The Cup Running Over

July 2, 2010 5:49 PM

Argentina-Germany Quarterfinal Preview: Tell Us Which Germany Shows Up and We'll Tell You Who Wins

In a Nutshell: On paper, a terrific, attacking game -- worthy of a final. The two teams played last Cup at the same stage. The game went to penalties at 1-1 and Germany won in a match that even featured a brawl.

Recent History: Other than the classic last time, the two have also played two finals. Argentina won the first in '86, 3-2; Germany (as West Germany) returned the favor four years later, 1-0.

What We Learned Last Game: The Argentinians have played the most consistent soccer at the tournament, outclassing four opponents along the way. Mexico wasn't much opposition in a 3-1 rout. The Germans crushed the English, showing once again that when they're on, there may not be a stronger team in the world today, especially on offense. Both benefited from terrible officiating calls, by the way, though both likely would have won going away anyway.

Germany's young Thomas Muller has been a revelation.


The Good News: The Argentinians have finally found a way to utilize Lionel Messi, albeit as a creator of goals rather than a scorer -- at least for now. He's still one of the few players in the world who can singlehandedly turn a game around by himself. Striker-winger Gonzalo Higuain has been a real threat too. Meanwhile, the defense has been solid and not prone to over-fouling -- a traditional problem for this team.

The Bad News: The keeper is subpar -- maybe the worst of the six left in the tournament. Maradona still insists on playing some old regulars such as Juan Sebastian Veron. The defense hasn't really faced a top-flight offensive team and may be exposed, particularly at right back where Jonas Gutierez is weak. And, in a close game, no one knows if Maradona has the tactical acumen to make the right changes.

Two championships, with Maradona as the talisman. He was brought in to restore the magic to a team that hasn't gone past the quarterfinals since he played.

Player to Watch:
It's always Messi. But the keeper --  Sergio Romero -- bears watching for the opposite reason. 

Telling Stat:
Argentina has had five headed shots on target in this Cup. Four have gone in.

To Win:
Find a way to disrupt the Germans' all-star midfield, especially Mesut Ozil. That will primarily be Javier Mascherano's task. Strike accurately on the break. Avoid unnecessary fouls in the danger zone. And get the ball to Messi.


The Good News: When this team is on, it's devastating -- led by a young, virtually unstoppable midfield and Miroslav Klose -- the aging striker who somehow always manages to shine at the World Cup.

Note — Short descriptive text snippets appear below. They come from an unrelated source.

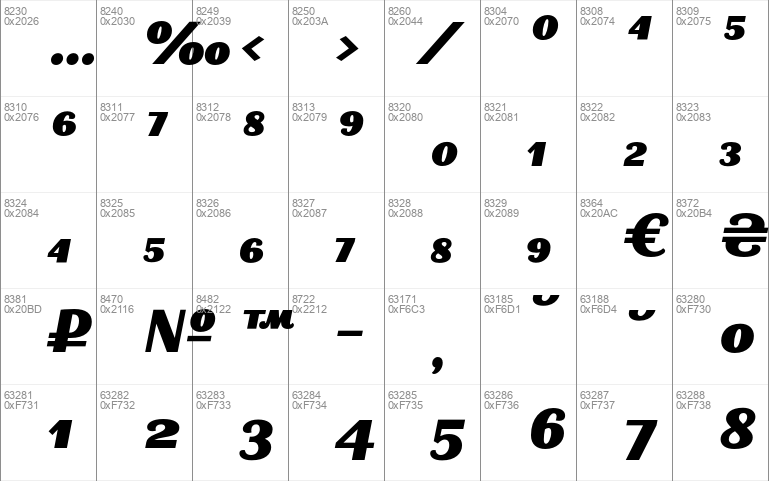 TT Polls Script Trial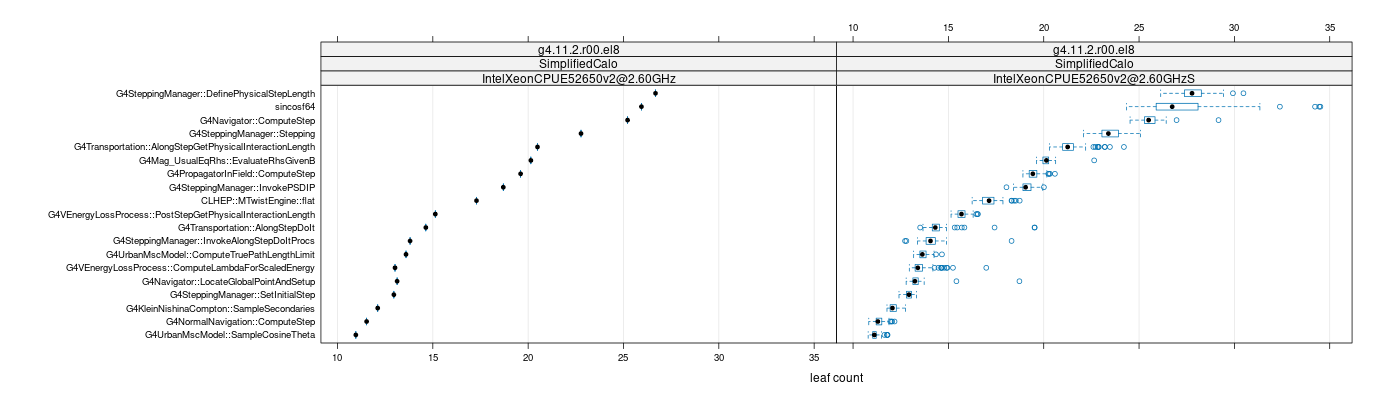 prof_big_functions_count_plot_01.png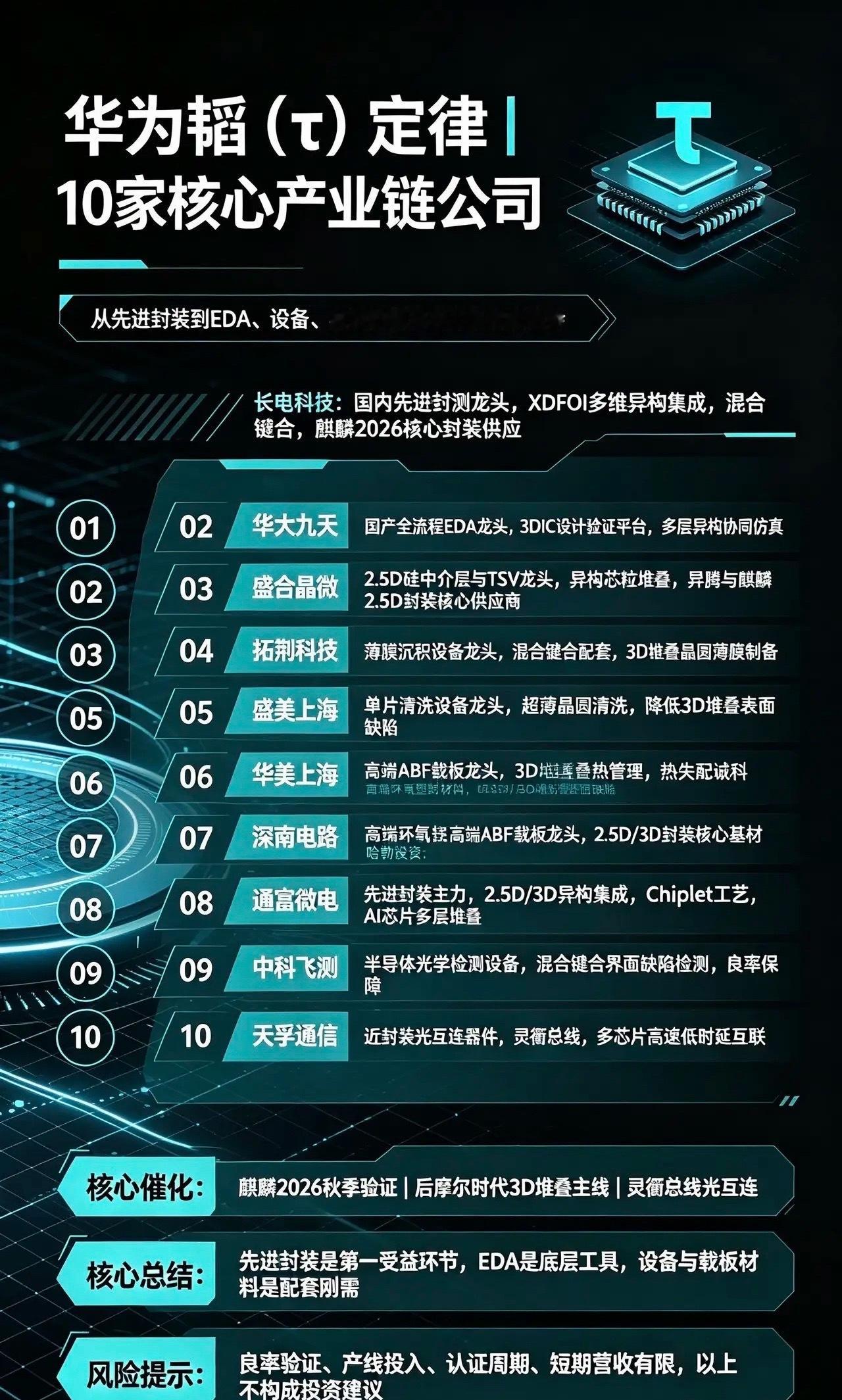华为韬（τ）定律｜10家核心产业链公司1. 长电科技国内先进封测龙头，自研XDF
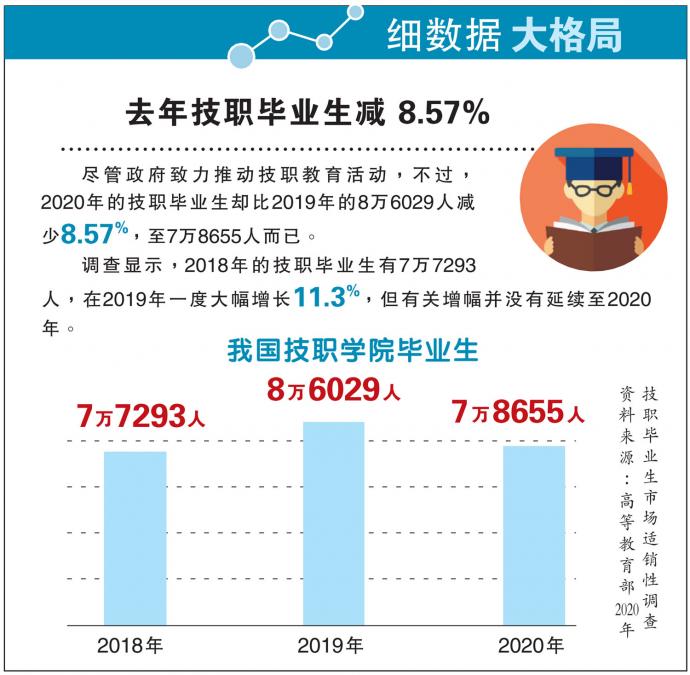 【细数据大格局】去年技职毕业生减 8.57%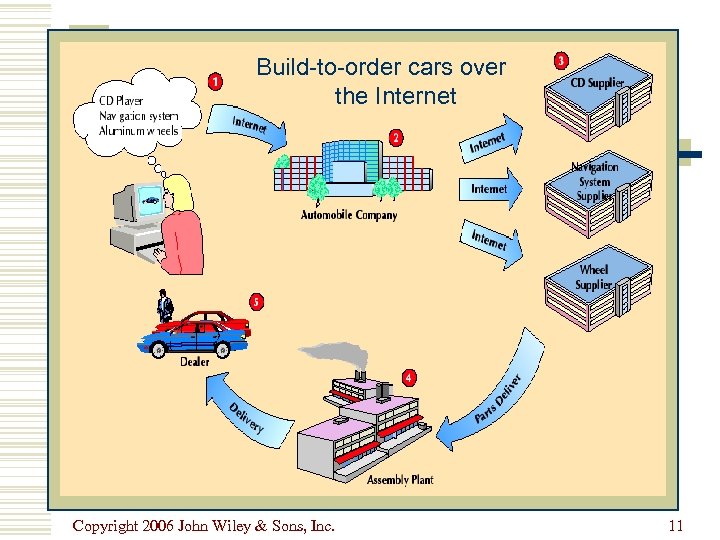 Build-to-order cars over the Internet Copyright 2006 John Wiley & Sons, Inc. 11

Four goals against both Australia and England -- and they could have scored more.

The Bad News:
Inconsistency, typical of a young squad. When they're off -- such as in the games against Serbia and Ghana -- they're really off and have trouble scoring. The defense is not first-class. Mesut Ozil didn't show at practice two days ago, complaining he was sick and Lukas Podolski was kept out as a precaution. Backup striker Cacau is out. And the keeper, Manuel Neuer, has looked shaky at times.

Along with Brazil, one of the two best. Three time winners, four times runner-ups, and three more semifinals. Second and third at the last two tournaments. One of the few teams for which losing at this point would be a disappointment.

Player to Watch: Twenty-one-year-old midfielder Ozil has been the spark plug of the team. Stop him and you can can at least slow down the Germans. 

Telling Stat:
Thomas Muller has been involved in more goals this tournament (six) than any other player.

To Win:
Prevent Messi from getting the ball as much as possible, since even when he's not a threat to score, he can set up other players. Control the midfield, where the Germans have a decided advantage. Test the Argentinean keeper -- he could crumble.

Prediction: On paper the two teams are even, so it comes down to tactics and moments of individual brilliance or their opposite, which is quite possible given two weak keepers -- the Achilles heels of these teams. Messi is the player most capable of brilliance though Ozil and Muller aren't exactly slouches. The question is which team can stop the other's play maker and which plays more consistently. On their day, the Germans look unbeatable. If the other Germany shows up, however, Argentina gets its revenge from last time.

If It Goes to Penalties: Who would bet against Germany, especially given its slight advantage at keeper? The only hesitancy is that this is a new type of German team, which even missed a penalty shot in its second game. If history holds, however, this is Germany's specialty -- four for four at World Cups. Argentina has lost only one shootout -- to Germany last time.